Tötung: Ärztin versäumte auf Probleme einzugehen - Verteidiger sieht hingegen Mitschuld beim Opfer

Mit Tränen in den Augen nutzte Psychiaterin Luise L. gestern ihr letztes Wort vor Gericht, um doch noch zu den Geschehnissen Stellung zu nehmen, die ihr eine Anklage wegen fahrlässiger Tötung eingebracht hatten. Es sei ihr eine "Herzensangelegenheit", Menschen zu helfen, und es tue ihr "außerordentlich" Leid, was passiert sei.

Am 2. Januar hatte sie einen Patienten entlassen, der abends zuvor gedroht hatte, seine Mutter zu töten. Eine Krankenschwester gab dem jungen Mann eine Wegbeschreibung vom Krankenhaus zur Wohnung der Mutter am Rothenburgsorter Weg mit.
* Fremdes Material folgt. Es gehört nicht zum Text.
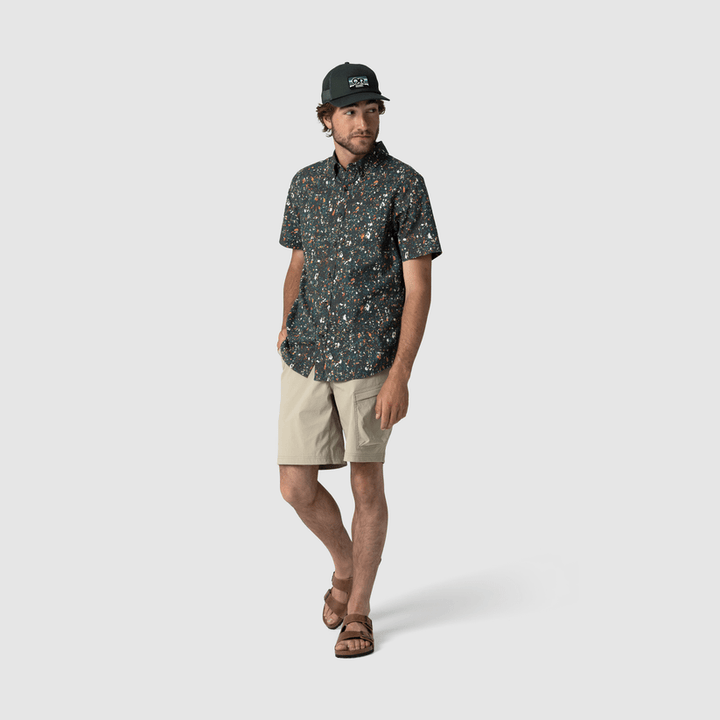 Outdoor Research Men's Rooftop S/S Shirt - Quest Outdoors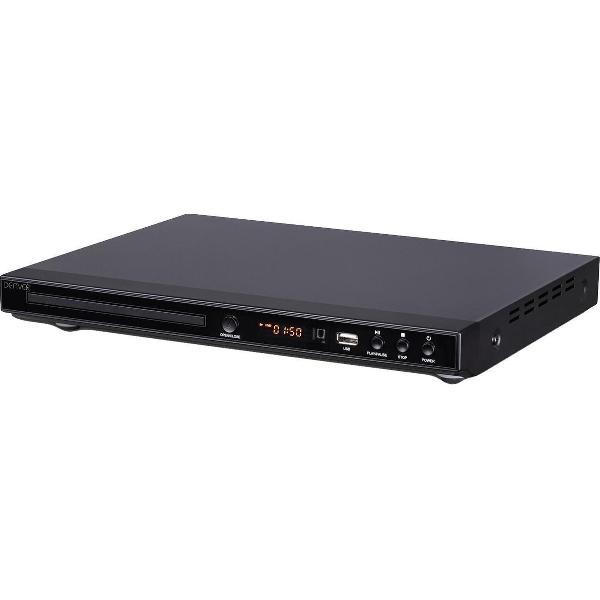 Denver DVH-1245 / DVD speler met HDMI
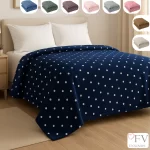 Cobertor Manta Gigante Microfibra Macia Super King, Casal e Queen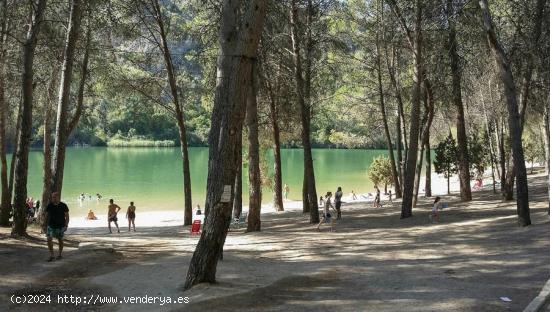 Tegeisa vende parcela con preciosas vistas en la Urbanización Nueva sierra - GUADALAJARA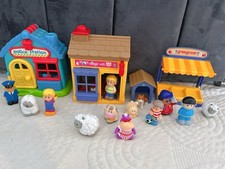 Elc happyland greengrocer for sale  SLOUGH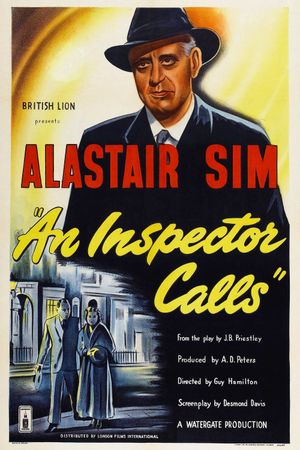 An Inspector Calls's poster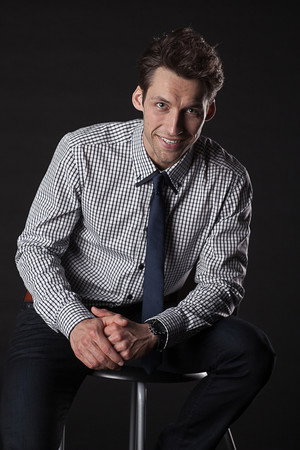 Bartosz Waga profil kép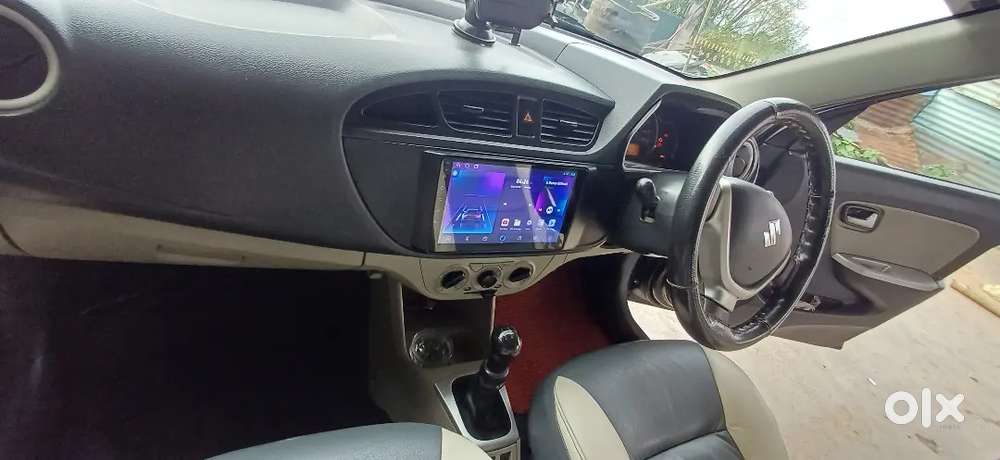 Maruti Suzuki Alto 2017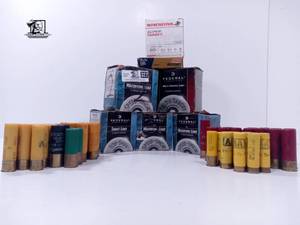 lot 327 image: Ammuntitions for Shotguns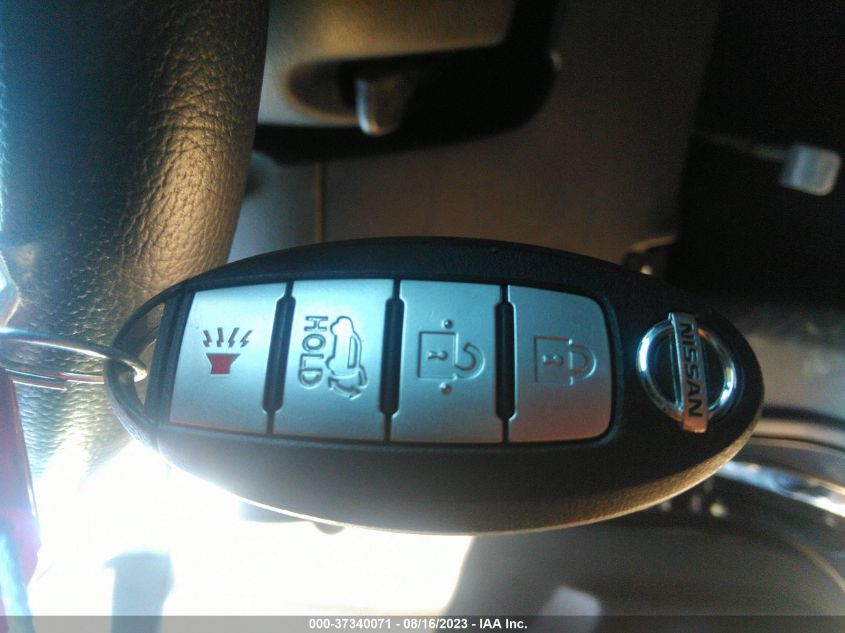 2015 NISSAN ROGUE SL - 5N1AT2MV2FC806924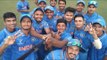 India beat Sri Lanka to enter finals of Under-19 World Cup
Wenig später war sie tatsächlich tot - erstochen vom eigenen Sohn.

Staatsanwalt Dirk Hartmann war in seinem Plädoyer von der Schuld der Ärztin überzeugt. "Sie hat nicht verhindert, dass ihr Patient, wie angekündigt, ferngesteuert seine Mutter tötete, so Hartmann. Die Tötungsabsichten seien der einzige Grund gewesen, weshalb Babak M. überhaupt in die Psychiatrie gekommen sei. Hartmann: "Die Rettungskette hat funktioniert, bis sie an verantwortungsvoller Stelle bei der Ärztin riss." Babak M. habe einen "Hilferuf" ausgesandt, er habe behandelt werden wollen. Luise L. habe ihm diese Hilfe verweigert, als sie auf die Probleme des jungen Mannes nicht eingegangen sei. Deshalb sei sie für dessen Handlung verantwortlich, befand der Staatsanwalt. "Es war kein Augenblicksversagen", meinte er und erinnerte daran, dass die Tat die Familie von Babak M. zerstört habe.

Rechtsanwältin Kristin Proppe-Jörgens, die die Familie vor Gericht vertrat, sprach von einer "Tragödie", die über die Familie hereingebrochen sei. "Wenn Frau L. tatsächlich nach dem Unterbringungsbeschluss für den Patienten fragte, ist das ein Zeichen dafür, dass sie gar nicht wusste, wen sie gehen lässt", sagte die Nebenklagevertreterin. Für sie ein Indiz der Oberflächlichkeit im Klinikbetrieb.

René T. Steinhäuser, neben Johannes Altenburg und Oliver Sahan einer der drei Verteidiger der Ärztin, benötigte eine Stunde, um sein Plädoyer vorzutragen. Sein Fazit: Hätte die Mutter von Babak M. die Chance genutzt, ihre Wohnung zu verlassen, würde sie noch leben. Sie hätte deshalb eine deutliche Mitschuld an dem Geschehen. Außerdem sei dadurch laut Steinhäuser ein Zusammenhang zwischen dem Pflichtverstoß der Ärztin und der Tat nicht gegeben. Deshalb könne man seine Mandantin dafür nicht zur Rechenschaft ziehen, so Steinhäuser. Er forderte einen Freispruch. Zudem warf er Gericht und Staatsanwaltschaft vor, mit Professor Dr. Hans-Ludwig Kröber einen Gutachter bestellt zu haben, der wegen seiner "Beliebigkeit der Aussagen" gerne gewählt werde. Es sei ein "fatales Signal", so Steinhäuser, wenn Ärzte künftig für so eine Art der Fahrlässigkeit verklagt werden, ein Verstoß gegen eine Unterbringung nicht bestraft werden würde. Das sei zum Nachteil von Patienten.

Die VII. Große Strafkammer kam nach zweieinhalbstündiger Beratung zu dem Entschluss, dass Luise L. die Verantwortung zu tragen hätte. Das Urteil ist noch nicht rechtskräftig, es kann noch Berufung dagegen eingelegt werden.